Low-Income Families in Massachusetts
Results from the Family Resource Simulator
Publication Date: September 2004
About 85 percent of low-income children have parents who work, and most have at least one parent working full-time, year-round. Nonetheless, many of these parents are unable to afford basic necessities for their families, such as food, housing, and stable child care. Even a full-time job is not always enough to make ends meet, and many parents cannot get ahead simply by working more. As earnings increase—particularly as they rise above the official poverty level—families begin to lose eligibility for work supports. At the same time, work-related expenses, such as child care and transportation, increase. This means that parents may earn more without a family experiencing more financial security.1 In some cases, earning more actually leaves a family with fewer resources after the bills are paid.
The Family Resource Simulator, developed by the National Center for Children in Poverty, illustrates how this happens. This web-based tool calculates resources and expenses for a hypothetical family that the user “creates” by selecting city and state, family characteristics, income sources, and assets. The user also selects which public benefits the family receives when eligible and makes choices about what happens when the family loses benefits (e.g., does the family seek cheaper child care after losing a subsidy?).
The result is a series of charts that show the hypothetical family’s total income from various sources as earnings rise, as well as the cost of basic family expenses. Using the Simulator, this report describes the experiences of two hypothetical families in the workforce.
Low Income in Massachusetts: The Taylors
The Taylors live in Boston with two children, ages 3 and 6. The federal poverty level for such a family is $18,850 per year.2 For simplicity, the Simulator assumes that the Taylors begin with no income; then one parent enters the workforce and steadily increases hours to full-time employment. After that, the second parent begins part-time work and gradually moves into full-time employment. When the Taylors’ employment requires outside child care, both children go to child care centers (the 6-year-old goes after school). The Taylors pay taxes on their earnings, and when they qualify, they receive earned income tax credits—including Massachusetts’ refundable state credit—and the federal Child Tax Credit. In addition, the Taylors receive food stamps and public health insurance.

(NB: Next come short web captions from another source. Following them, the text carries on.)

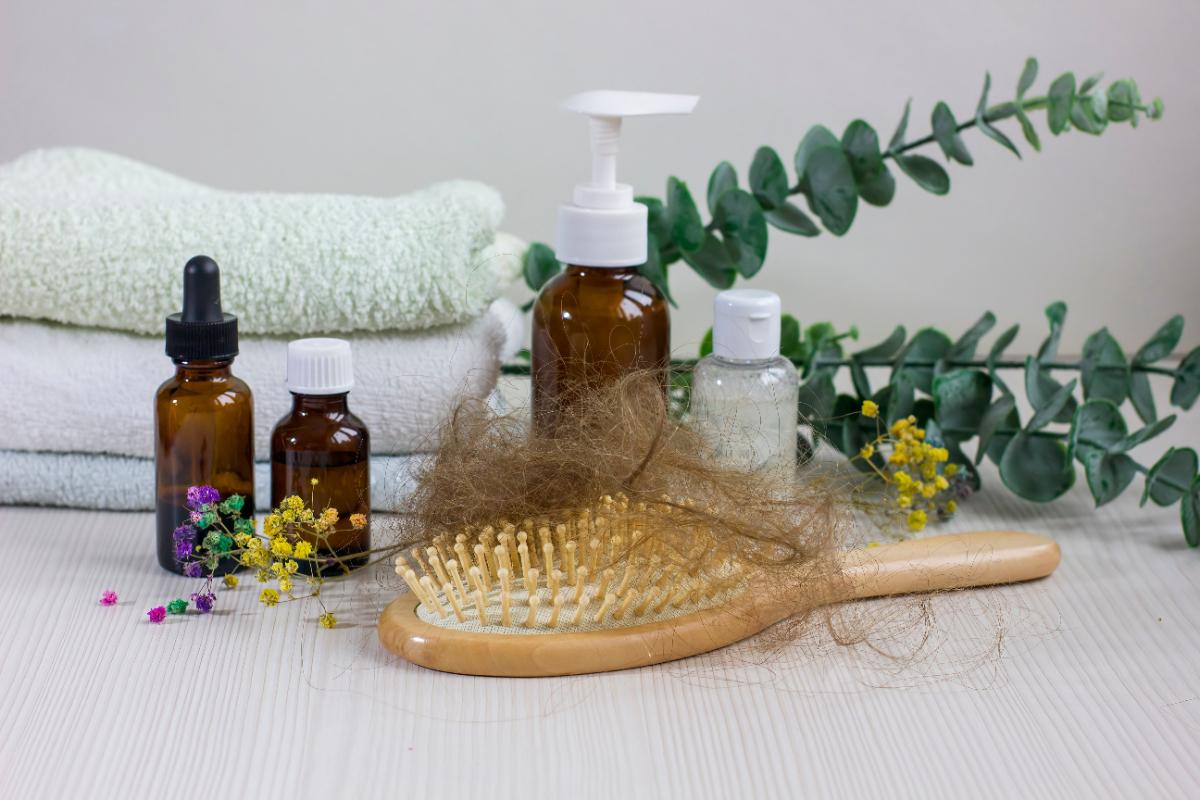 Produits de soins de cheveux avec une brosse et de l'huile sur la table
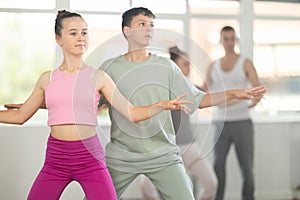 Boy and girl in pair train to perform ballet dance during rehearsal in studio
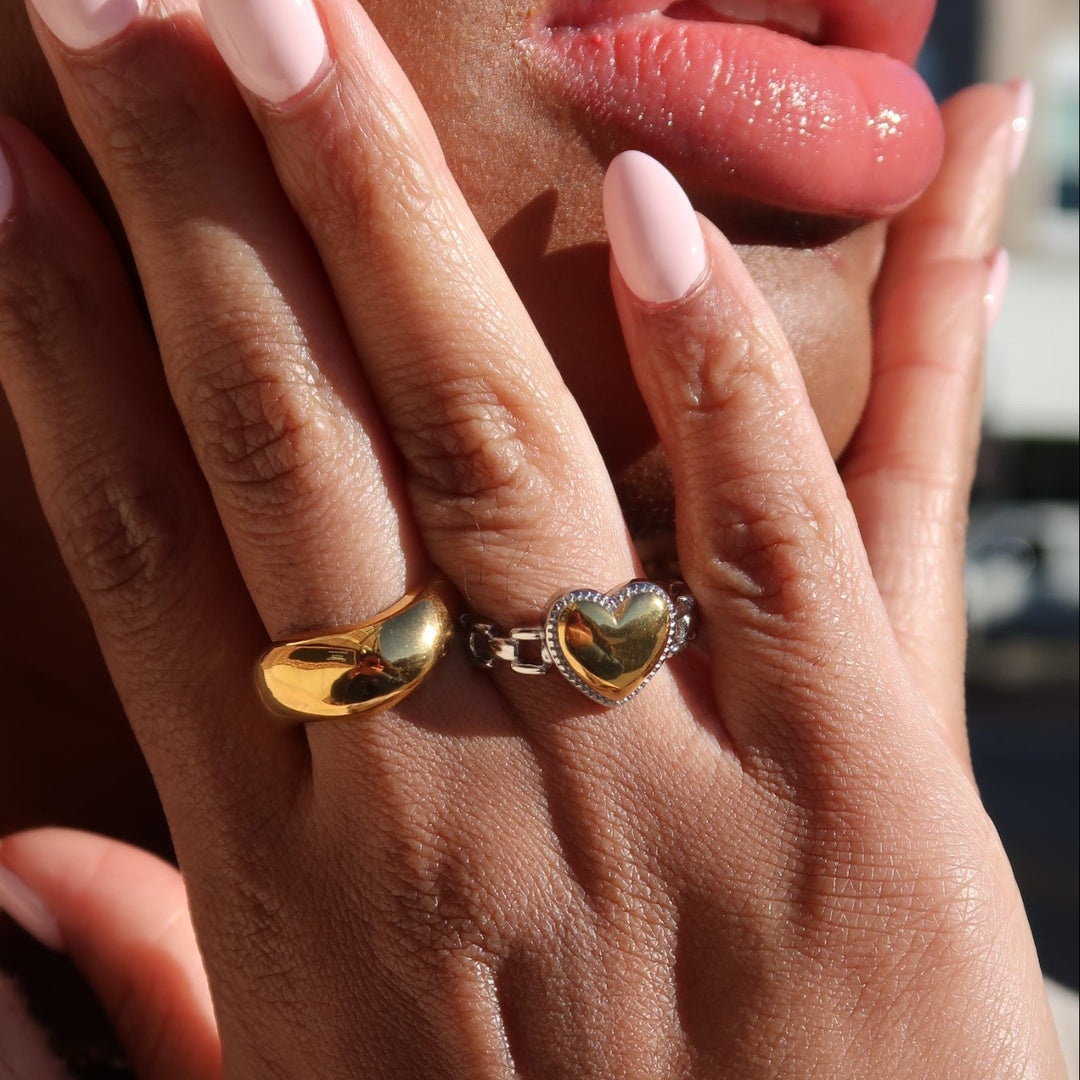 Close-up of a hand with gold rings on a blurred background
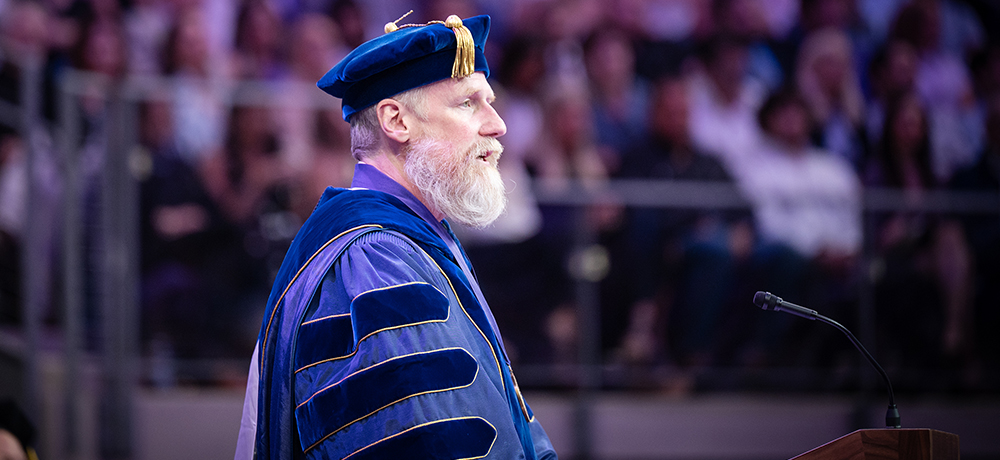 Craig Crossland in regalia addressing Convocation
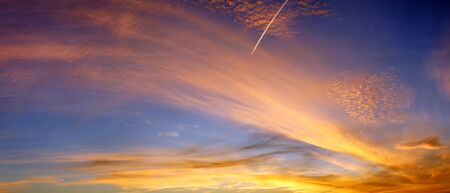 Stunning sunset clouds panorama in high resolutionの写真素材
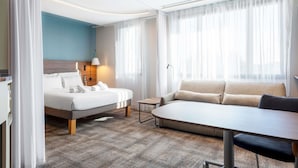 Una habitación de hotel moderna con cama, sofá, una mesita y una lámpara.
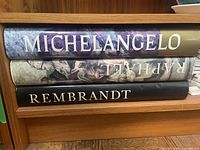 Spines of three large hardcover art monographs: Michelangelo, Raphael, Rembrandt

The family’s basic expenses, however, well exceed the family’s resources until the parents’ earnings reach nearly three times the federal poverty level. It takes full-time work at more than $9 per hour just to cover the cost of housing.3 And the family’s other resources—tax credits and food stamps—are not nearly enough to cover the cost of food, transportation, and other necessities for a family of four. (See Figure 1.)
Figure 1: Taylor Family
When the second parent enters the workforce, the Taylors’ earnings increase, but so do their work-related expenses, particularly child care. At the same time, the family begins to lose eligibility for the benefits that support work. By the time both parents are working full-time—together earning about $33,000 per year—the family is no longer eligible for food stamps, and the parents have lost public health insurance coverage. In addition, federal and state earned income tax credits, which provided close to $5,000 per year in support at lower earnings levels, have nearly phased out. The value of the Massachusetts state credit alone has fallen from a high of $631 per year to just $53.
At $39,000 in annual earnings, the children lose public health insurance, further increasing the family’s expenses. This simulation assumes that the Taylors have insurance through an employer. Without this benefit, the Taylors would have to pay substantially more or go without health insurance.4 The Taylors’ resources don’t exceed expenses until their earnings reach $53,000—280 percent of the federal poverty level. In other words, each parent needs a full-time job earning nearly $15 per hour just to make ends meet.
Housing and child care are the Taylors’ most daunting expenses. Massachusetts’ income tax code allows families to deduct a portion of their rent costs in calculating state tax liability, but this saves the Taylors only $160 per year.5 With housing vouchers and child care subsidies, a full-time job at $5.50 per hour would provide the family with just enough income to meet basic expenses. However, funding for these benefits is limited, and only a fraction of eligible families receive them.
Figure 2: Taylor Family with Housing Vouchers and Child Care Subsidies
Thousands of families in Massachusetts have resources and expenses similar to the Taylors. There are 219,000 low-income families living in the state, and 67,000 of them have a preschool-aged child (under age 6). Among low-income families in Massachusetts, 78 percent have at least one parent who works, and 46 percent have a parent who works full-time, year-round. Thirty-six percent are two-parent families.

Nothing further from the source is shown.